- **Description of the task**
Using the records below, repeat exactly the lines from the one holding "Liberty Belles by" through the one holding "Solar energy production", both ends included, and no others.
*** Raw data
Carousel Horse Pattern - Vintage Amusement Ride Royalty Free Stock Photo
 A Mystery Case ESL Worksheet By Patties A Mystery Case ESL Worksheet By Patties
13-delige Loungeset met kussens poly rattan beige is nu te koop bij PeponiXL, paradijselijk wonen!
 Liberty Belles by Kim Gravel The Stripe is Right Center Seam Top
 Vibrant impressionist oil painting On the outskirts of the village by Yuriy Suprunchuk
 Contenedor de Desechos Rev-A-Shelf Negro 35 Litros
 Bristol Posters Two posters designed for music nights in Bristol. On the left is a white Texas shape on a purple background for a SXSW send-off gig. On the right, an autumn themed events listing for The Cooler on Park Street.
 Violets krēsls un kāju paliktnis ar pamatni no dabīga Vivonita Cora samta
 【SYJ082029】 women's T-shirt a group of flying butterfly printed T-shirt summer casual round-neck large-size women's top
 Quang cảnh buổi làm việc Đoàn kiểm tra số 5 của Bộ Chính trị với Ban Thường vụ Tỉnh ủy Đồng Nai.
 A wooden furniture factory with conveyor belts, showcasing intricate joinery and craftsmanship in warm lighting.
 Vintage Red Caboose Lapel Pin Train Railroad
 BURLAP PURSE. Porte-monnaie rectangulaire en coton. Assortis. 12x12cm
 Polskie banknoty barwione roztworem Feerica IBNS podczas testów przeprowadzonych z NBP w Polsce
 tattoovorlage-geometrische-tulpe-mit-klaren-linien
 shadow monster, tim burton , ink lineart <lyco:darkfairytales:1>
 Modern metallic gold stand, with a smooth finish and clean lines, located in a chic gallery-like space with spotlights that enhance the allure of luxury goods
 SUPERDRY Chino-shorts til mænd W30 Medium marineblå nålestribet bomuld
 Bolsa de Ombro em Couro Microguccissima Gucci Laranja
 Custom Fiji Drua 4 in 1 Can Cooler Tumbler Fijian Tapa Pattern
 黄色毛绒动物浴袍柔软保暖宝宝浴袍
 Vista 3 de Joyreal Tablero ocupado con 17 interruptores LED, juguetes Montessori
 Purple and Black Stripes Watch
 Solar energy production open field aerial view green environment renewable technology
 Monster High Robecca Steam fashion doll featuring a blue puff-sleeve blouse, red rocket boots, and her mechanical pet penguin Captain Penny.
******
- **Response to the exercise**
 Liberty Belles by Kim Gravel The Stripe is Right Center Seam Top
 Vibrant impressionist oil painting On the outskirts of the village by Yuriy Suprunchuk
 Contenedor de Desechos Rev-A-Shelf Negro 35 Litros
 Bristol Posters Two posters designed for music nights in Bristol. On the left is a white Texas shape on a purple background for a SXSW send-off gig. On the right, an autumn themed events listing for The Cooler on Park Street.
 Violets krēsls un kāju paliktnis ar pamatni no dabīga Vivonita Cora samta
 【SYJ082029】 women's T-shirt a group of flying butterfly printed T-shirt summer casual round-neck large-size women's top
 Quang cảnh buổi làm việc Đoàn kiểm tra số 5 của Bộ Chính trị với Ban Thường vụ Tỉnh ủy Đồng Nai.
 A wooden furniture factory with conveyor belts, showcasing intricate joinery and craftsmanship in warm lighting.
 Vintage Red Caboose Lapel Pin Train Railroad
 BURLAP PURSE. Porte-monnaie rectangulaire en coton. Assortis. 12x12cm
 Polskie banknoty barwione roztworem Feerica IBNS podczas testów przeprowadzonych z NBP w Polsce
 tattoovorlage-geometrische-tulpe-mit-klaren-linien
 shadow monster, tim burton , ink lineart <lyco:darkfairytales:1>
 Modern metallic gold stand, with a smooth finish and clean lines, located in a chic gallery-like space with spotlights that enhance the allure of luxury goods
 SUPERDRY Chino-shorts til mænd W30 Medium marineblå nålestribet bomuld
 Bolsa de Ombro em Couro Microguccissima Gucci Laranja
 Custom Fiji Drua 4 in 1 Can Cooler Tumbler Fijian Tapa Pattern
 黄色毛绒动物浴袍柔软保暖宝宝浴袍
 Vista 3 de Joyreal Tablero ocupado con 17 interruptores LED, juguetes Montessori
 Purple and Black Stripes Watch
 Solar energy production open field aerial view green environment renewable technology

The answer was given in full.